Was: Hagglers at your jewelry booth

...What do [you]... do with your inventory when it becomes three or
more years old? How do you deal with having resources tied up in
things that don't sell? 

I would love to hear more of what others have to say on this. I have
a lot of old inventory that is really not up to my current standards
and/or doesn’t fit in with my current jewelry lines and have been
struggling with what to do with it. I suppose I could go to some
effort and try to unload it on Ebay or discount it at a street fair
or something, but suspect that the time and effort would give me a
return similar to (or less than!) just sending it for scrap. On the
plus side, some of it is pure silver (metal clay), so I could melt it
down myself…

Thanks for your comments!
Mary Ellin D’Agostino

It depends. I usually sell all of my inlay work eventually. If it was
the design that didn’t sell I unmount the stone(s) and scrap it and
put the stones back in inventory to be sold or used again when I have
a better idea. If it was the stone and it was a big stone then I cut
into two smaller stones and put them into inventory. There are some
stones I found that are a hard sell when mounted in jewelry. One
example is Cobaltoan Calcite. It’s bright pink druzy. It gets a lot
of attention but few sales. The stone sells well as cabs so I sell
it to someone who will make a piece to sell. It’s kinda like the
fruit cake that gets re-gifted…

Rick Copeland
Silversmith and Lapidary Artisan
Rocky Mountain Wonders
Colorado Springs, Colorado

One option, if you aren’t ashamed of the work, and could use the tax
deduction, might be to donate some of it to charity auctions, or for
a charity raffle.

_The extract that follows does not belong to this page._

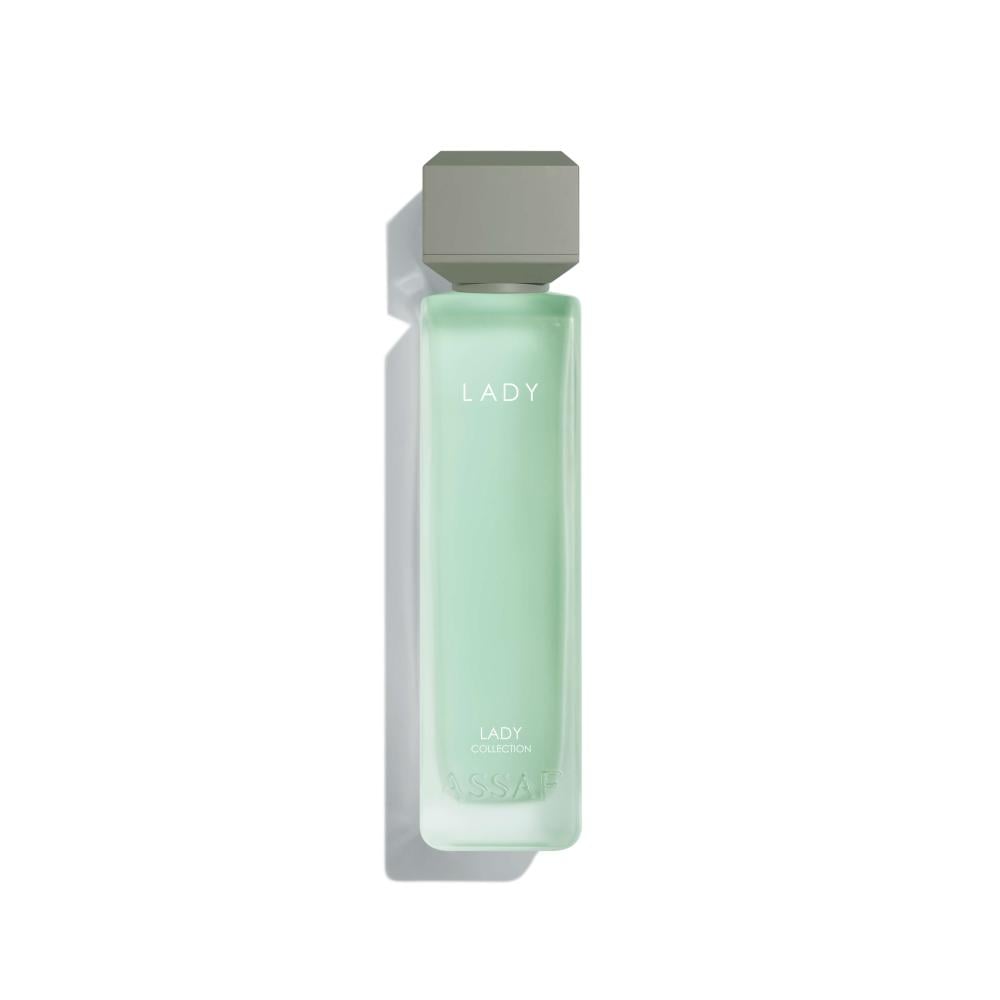Lady perfume by Assaf 200ml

That would only take care of a few pieces though…

Beth in SC

I maybe should have added this to my comments on the hagglers thread,
but I have recently started dealing with this by dedicating a smaller
case to older items that I’d really like to move- at 50% off the
original price. And I’m talking about the real original price, not
some BS markup. It’s amazing how attractive those dogs can suddenly
become! And it sure beats melting them down! I don’t think it’s
affecting sales of full price stuff in my big case, and I always have
some bargains to steer the hagglers to. However, that group of stuff
is dwindling, so I don’t know how much longer I can dedicate a case to
them. I’m making fewer dogs than I used to!

Allan Mason

Donating you jewelry usually only allows you to deduct the cost of
materials. Before you do it consult a tax expert.


My understanding is that the only thing that is tax deductible in a
donation for charity is the wholesale cost of the materials. Labor is
not. I am very careful about who I donate to because I get too many
requests and I can not afford to give to all of them.